A goal is a dream with a deadlineNapoleon Hill
According to Merriam Webster, a New Year’s resolution is “a promise to do something differently in the New Year”. But how many people make promises they brake all the time? Over time, people started taking New Year’s resolutions quite lightly… as sort of wishful thinking. Wherein they have dreams and ambitions they hope to achieve but lack the resolve to achieve them. A resolution requires determination and a course of action. Here are some tips to get you started on making New Year’s resolutions as well as holding yourself accountable to achieving your goals.
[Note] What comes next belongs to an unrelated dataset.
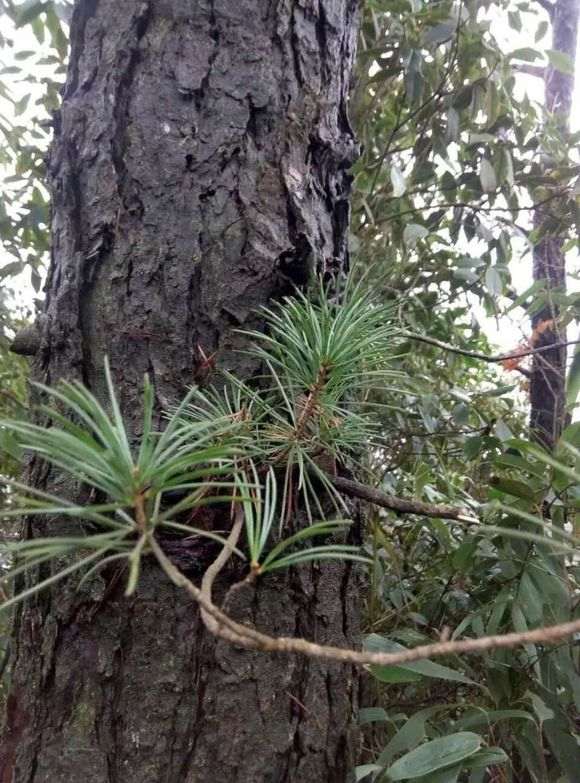 冬季室内怎么扦插瑞祥五针松下山桩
1. Make then doable, set a deadline
Almost everyone is familiar with Napoleon Hill’s quote stating, “A goal is a dream with a deadline.” The same is true for New Year’s resolutions. Resolutions are smaller objectives from various aspects of our lives that contribute to our achieving our ultimate goals. And every good objective requires a deadline so that one can appreciate the journey it has taken from the conceptualisation of the aim to its execution and eventually the results stemming from achieving the desired goal. In short, a resolution needs to be feasible; it should be achieved within a specified amount of time.
2. Write them down
Anyone who writes quite often understands the gravity of noting things down. In one fleeting second, a great idea pops into your head and you believe in its brilliance so much so that you believe you will never forget it. A few moments later the idea has vanished. New Year’s resolutions can be easily forgotten in the same way if they are not written down. It is easy now to have wishful thoughts of a fruitful year with great achievements but if they are not written on a physical place then they remain wishes that can easily be forgotten. Therefore, whatever your resolutions are, even they are ideas that would be expounded upon over time, even thoughts or intentions, it’s best to write it down. Writing a notion down helps with its development over time.
3. Keep them close
Writing New Year’s resolutions is easy, we just ask ourselves what we wish for and write them down. Then we close the book or lose the piece of paper and forget about it. The best place to keep your resolutions is in a place you use regularly, for instance, the first page of your diary/planner or as saved jpegs-turned- wallpapers for your computer or phone. Seeing things constantly ingrains them in our subconscious, making us aware of them at all times. If the objectives are constantly in sight, they are a constant reminder for you to work towards your intended outcomes.
4. Be committed
Nothing is more fearsome than commitment. The thought of doing something constantly is not appealing to most. As humans we like to leave some things to chance, we like to be spontaneous and not drilled into a routine. You might find that resolutions, like staying healthy or eating better, are the hardest to keep because they require consistency and commitment. Although routines do get dull after some time, what will see you through is the willingness to change the important aspects of your goals. It is important to have short-term goals that lead you to a bigger goal. For instance, having a New Year’s resolution to eat healthy can be broken down into several weekly segments that allow you to change the routine throughout the year. Short commitment plans seem much more appealing than one tedious annual plan.
5. Leave room for change
As much as it is important to stick to your New Year resolutions, it is important to understand that they are not written in stone. The universe plays a great role in our lives, our lives change as seasons do. Sometimes we have good days and sometimes we have bad days. All these determine how far we will get in our resolution to change certain aspects of our lives. If our lives can change at the drop of a hat, so can our goals of the year. It is not how often we fall off course but how we carry on after the disruption. You might have to change your objectives to keep up with the changes in your life; the most important thing is not to give up on your goals but rather to restructure them in a way that works with the changes around you. Be willing to adjust your goals according to your current environment.